What is Mirroring in Fabric?
Mirroring in Fabric is a low-cost and low-latency solution to bring data from various systems together into a single analytics platform. You can continuously replicate your existing data estate directly into Fabric's OneLake from a variety of Azure databases and external data sources.
With the most up-to-date data in a queryable format in OneLake, you can now use all the different services in Fabric, such as running analytics with Spark, executing notebooks, data engineering, visualizing through Power BI Reports, and more.
Mirroring in Fabric allows users to enjoy a highly integrated, end-to-end, and easy-to-use product that is designed to simplify your analytics needs. Built for openness and collaboration between Microsoft, and technology solutions that can read the open-source Delta Lake table format, Mirroring is a low-cost and low-latency turnkey solution that allows you to create a replica of your data in OneLake which can be used for all your analytical needs.
The Delta tables can then be used everywhere Fabric, allowing users to accelerate their journey into Fabric.
Why use Mirroring in Fabric?
Today many organizations have mission critical operational or analytical data sitting in silos.

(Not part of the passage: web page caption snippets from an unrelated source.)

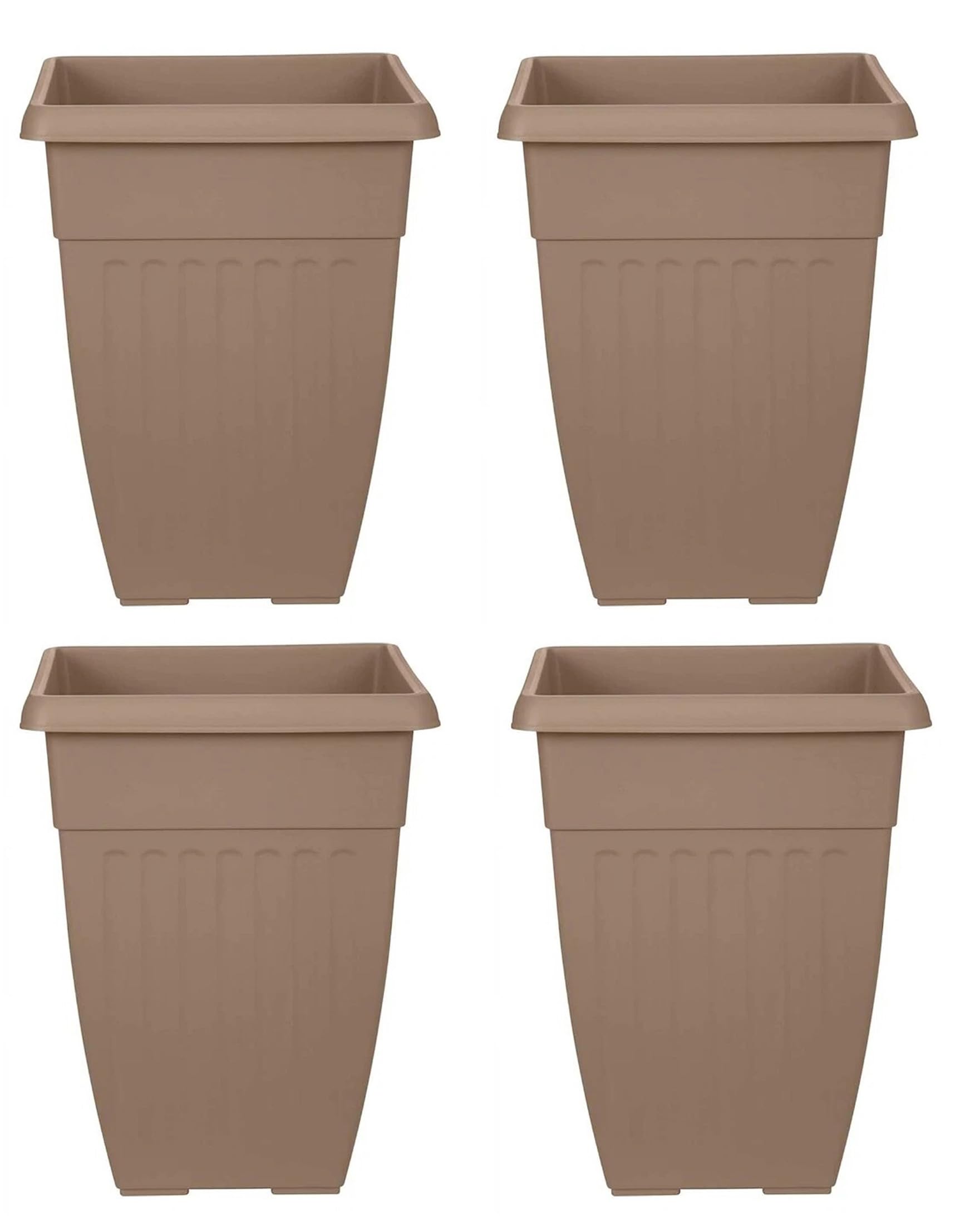Premzo Taupe 42 Cm Tall Athens Garden Patio Planters Flower Pot Growth Container Top Square Plastic Vases, Home Garden Décor Traditional Planters, Sturdy Resistance Indoor & Outdoor | Set Of 4 (Taupe)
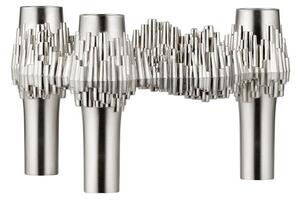 STOFF - Quist Candle holder - Ljusstake - Brushed Crome - H6,8 x W10,8 x D10,3 cm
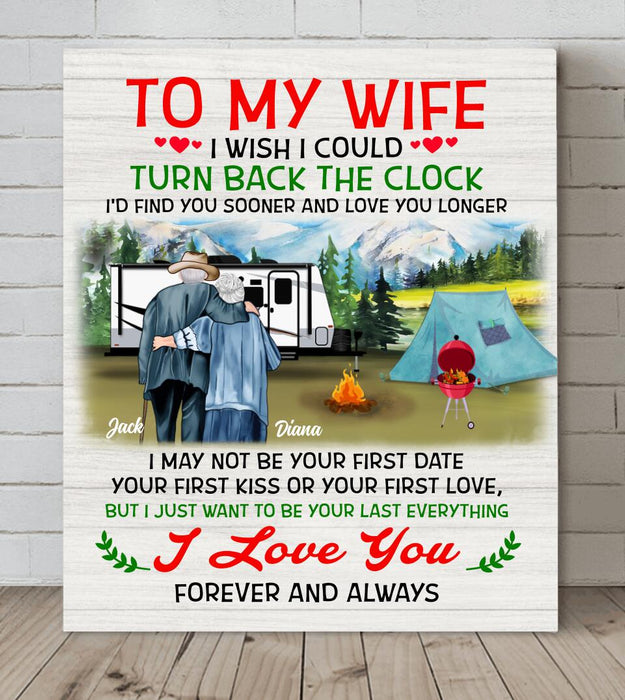 Custom Personalized Old Couple Canvas - Best Gift Idea For Grandparents/Couple - To My Wife I Wish I Could  Turn Back The Clock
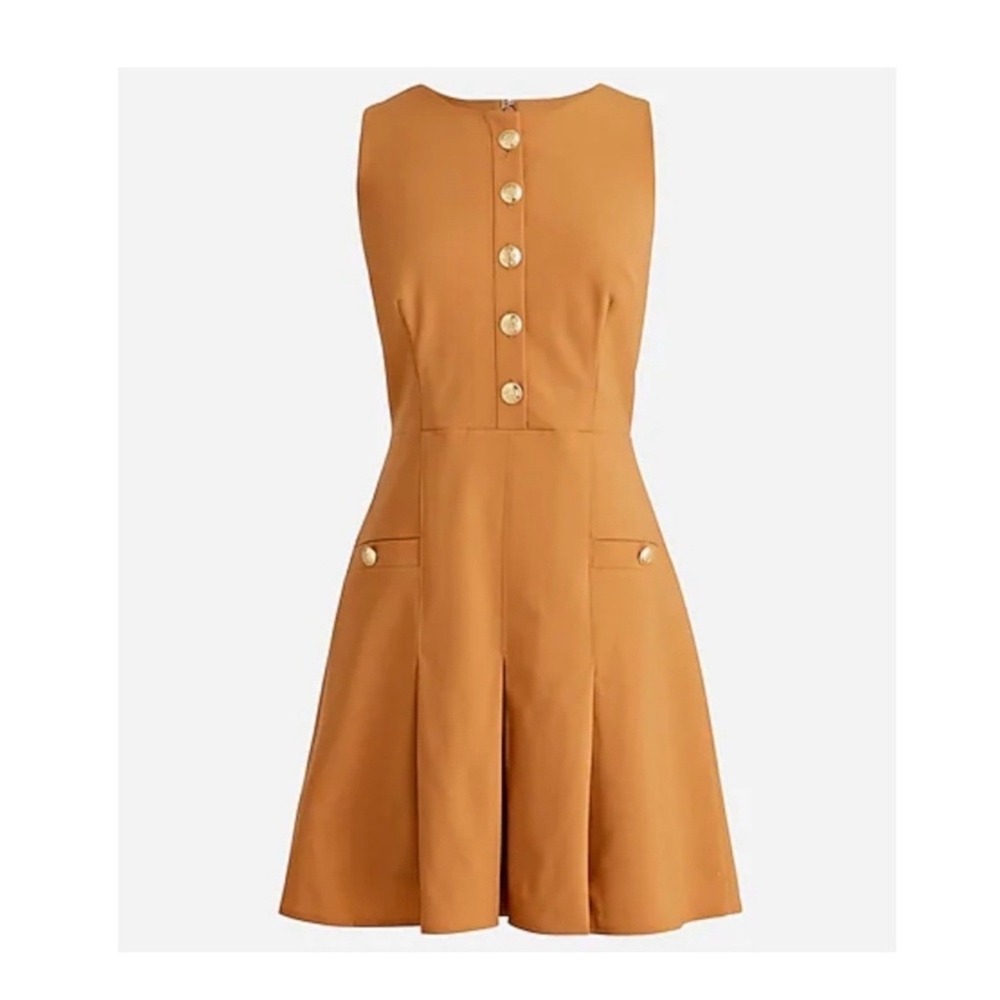 J.Crew Italian Stretch Wool Tollegno 1900 Pleated Mini Dress Camel Size 6 NWT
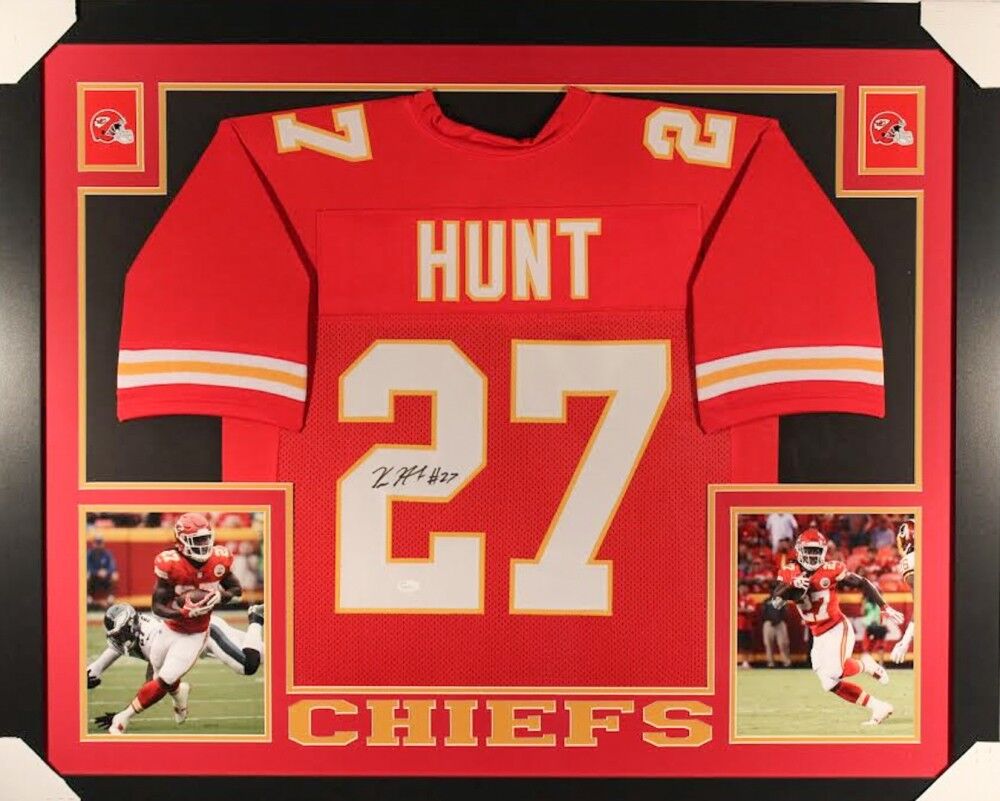 Kareem Hunt Signed Kansas City Chiefs 35x43 Custom Framed Jersey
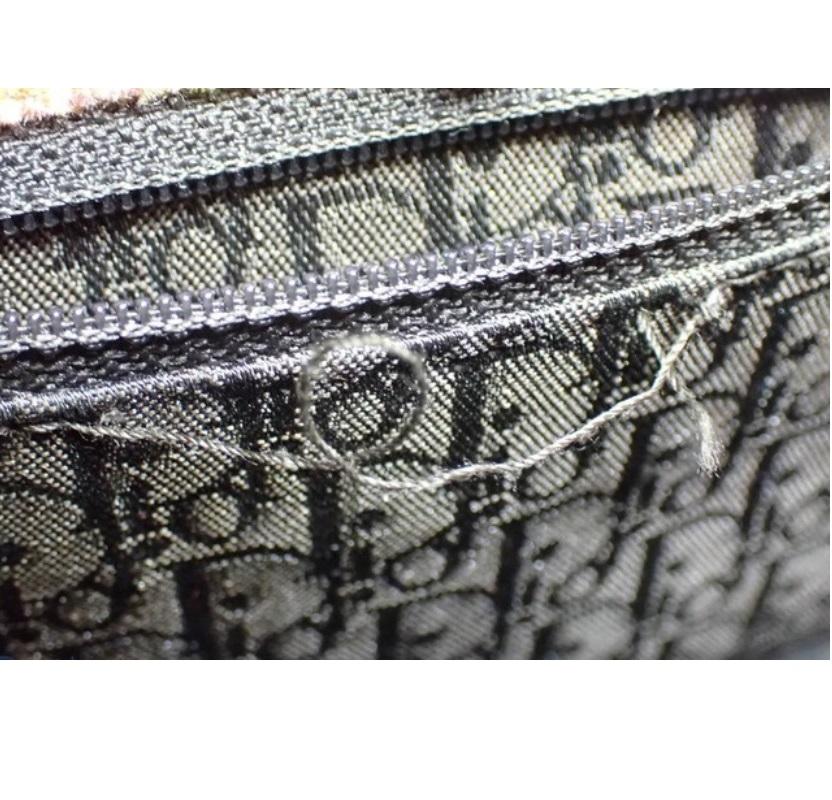 Dior Brown Leather & Printed Canvas Street Chic Columbus Shoulder Bag 2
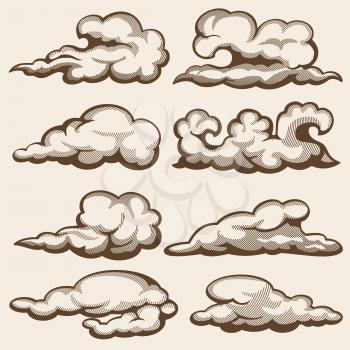 Vintage engraving clouds. Hand drawn vector set. Cloud engraving drawing in sky retro style illustration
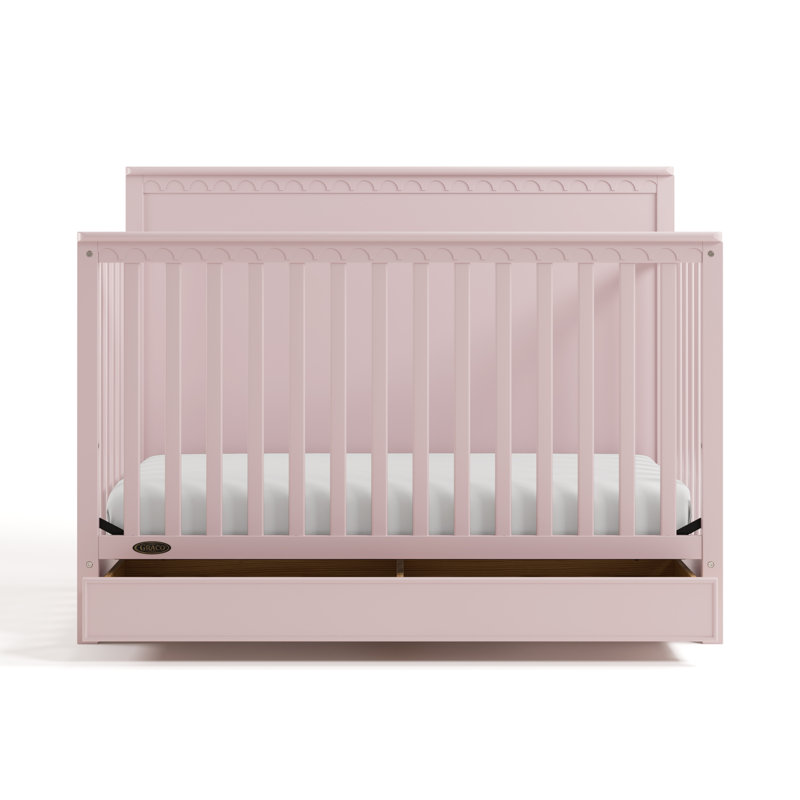 Lit de bébé convertible 5-en-1 avec tiroir Sasha, Rose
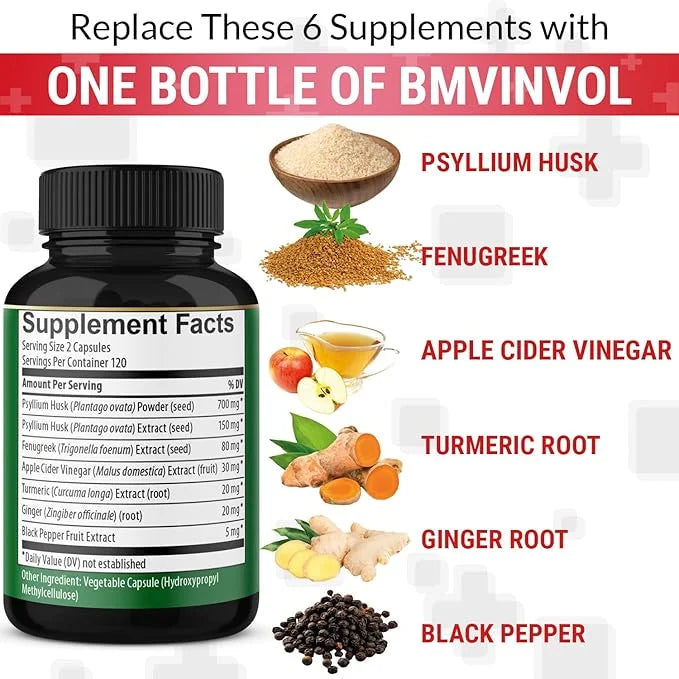 BMVINVOL Psyllium Husk Fiber Supplement 240 Capsules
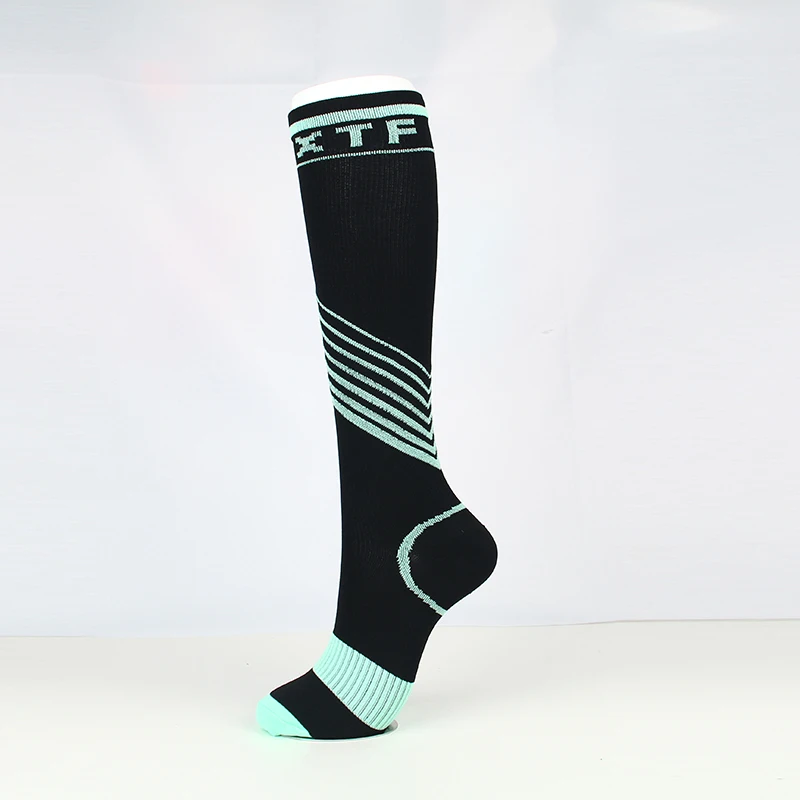 Мужские и женские носки для бега унисекс компрессионные полосатые с буквенным рисунком спортивные велосипедные нейлоновые высокочастотный компрессионные чулки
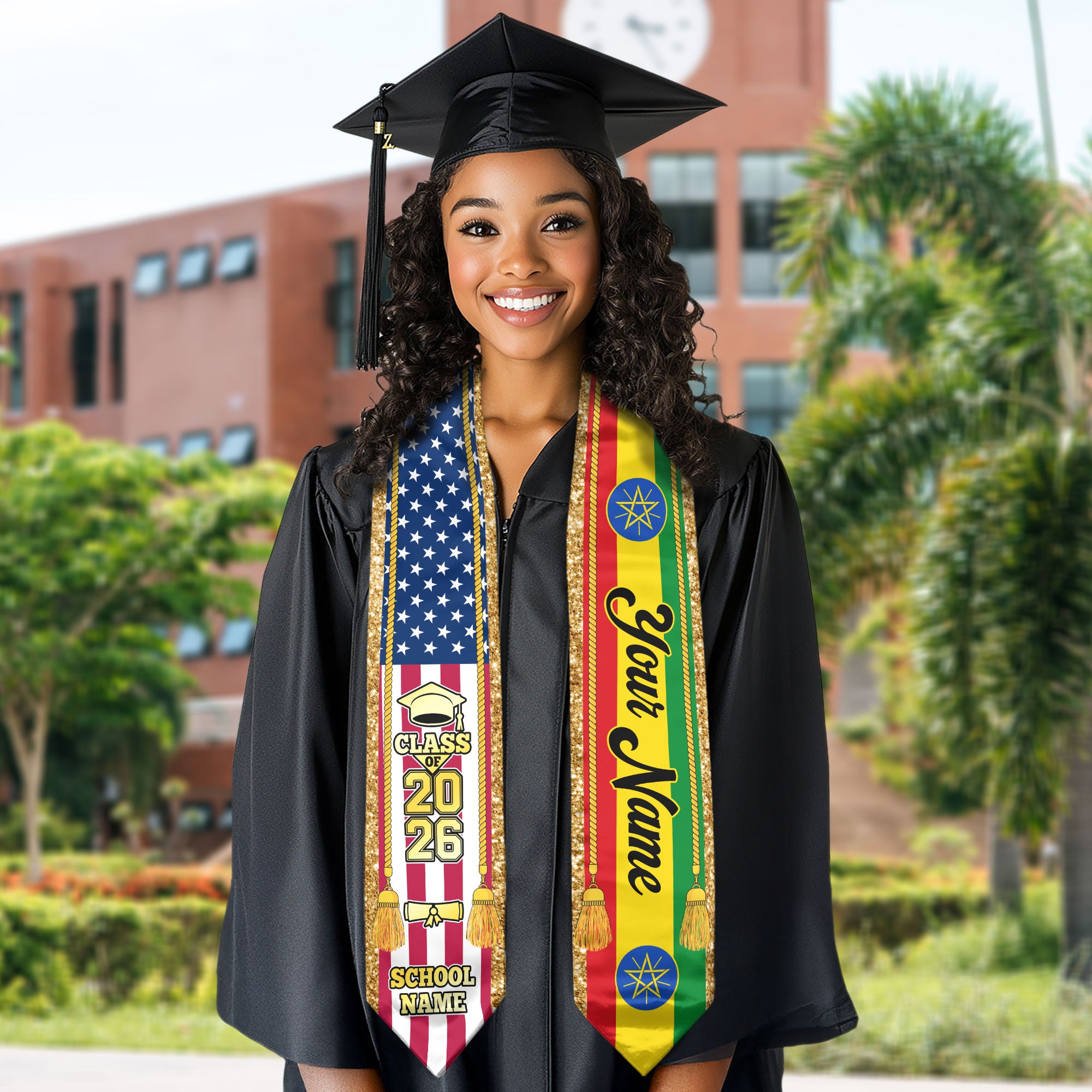 Customized Ethiopia Graduation Stole with Ethiopian Flag Emblem, Graduation Sash for Class of 2026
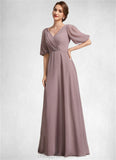 Paityn A-Line V-neck Floor-Length Chiffon Mother of the Bride Dress With Ruffle STI126P0014992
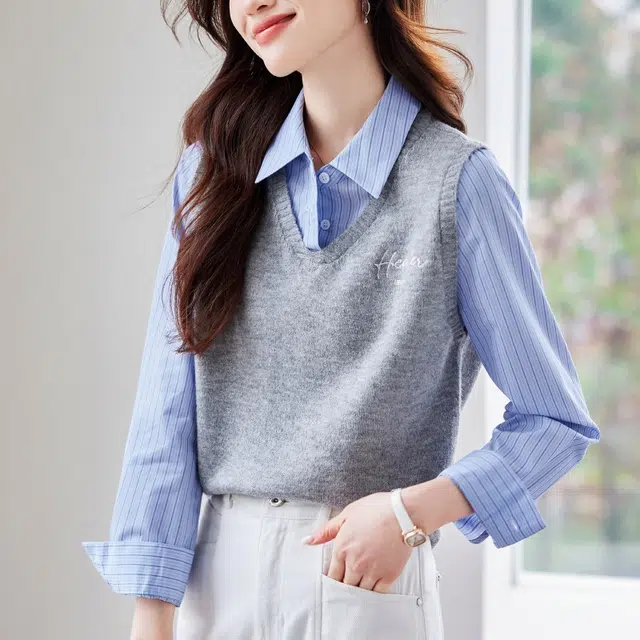 曲韩 时尚假两件条纹长袖衬衫 女款 蓝色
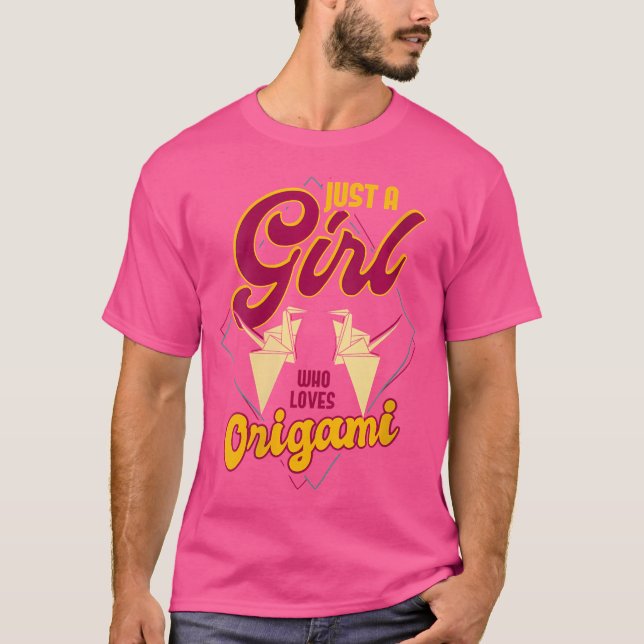 Camiseta As Mulheres Apenas Uma Menina Que Ama Origami Love (Frente)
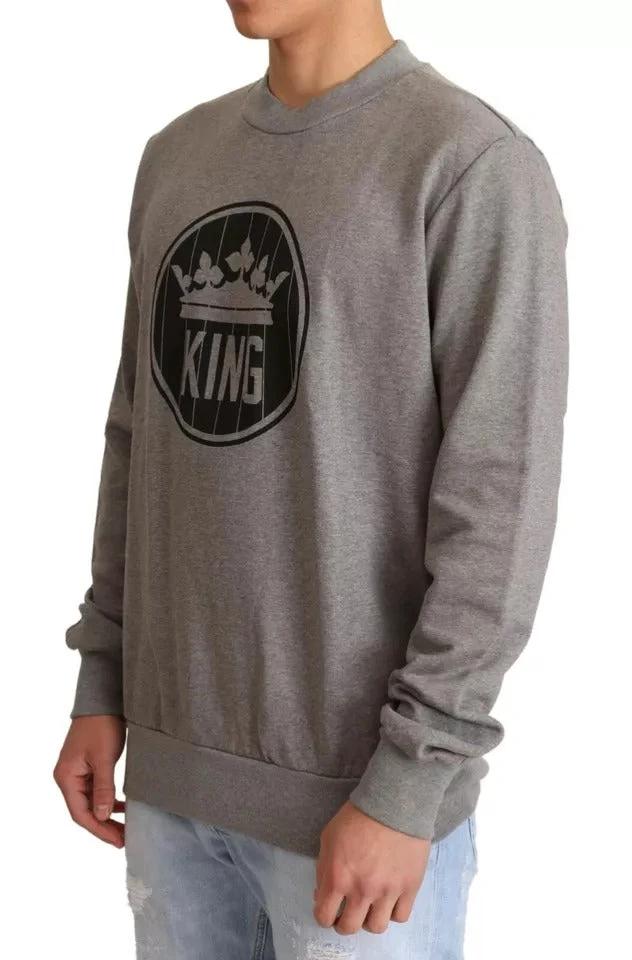 Dolce & Gabbana Gray Crown King Cotton Pullover Sweater by Dolce & Gabbana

Accessing and working with this data today requires complex ETL (Extract Transform Load) pipelines, business processes, and decision silos, creating:
- Restricted and limited access to important, ever changing, data
- Friction between people, process, and technology
- Long wait times to create data pipelines and processes to critically important data
- No freedom to use the tools you need to analyze and share insights comfortably
- Lack of a proper foundation for folks to share and collaborate on data
- No common, open data formats for all analytical scenarios - BI, AI, Integration, Engineering, and even Apps
Mirroring in Fabric provides an easy experience to speed the time-to-value for insights and decisions, and to break down data silos between technology solutions:
- Near real time replication of data and metadata into a SaaS data-lake, with built-in analytics built-in for BI and AI
The Microsoft Fabric platform is built on a foundation of Software as a Service (SaaS), which takes simplicity and integration to a whole new level. To learn more about Microsoft Fabric, see What is Microsoft Fabric?
Mirroring creates three items in your Fabric workspace:
- Mirroring manages the replication of data and metadata into OneLake and conversion to Parquet, in an analytics-ready format. This enables downstream scenarios like data engineering, data science, and more.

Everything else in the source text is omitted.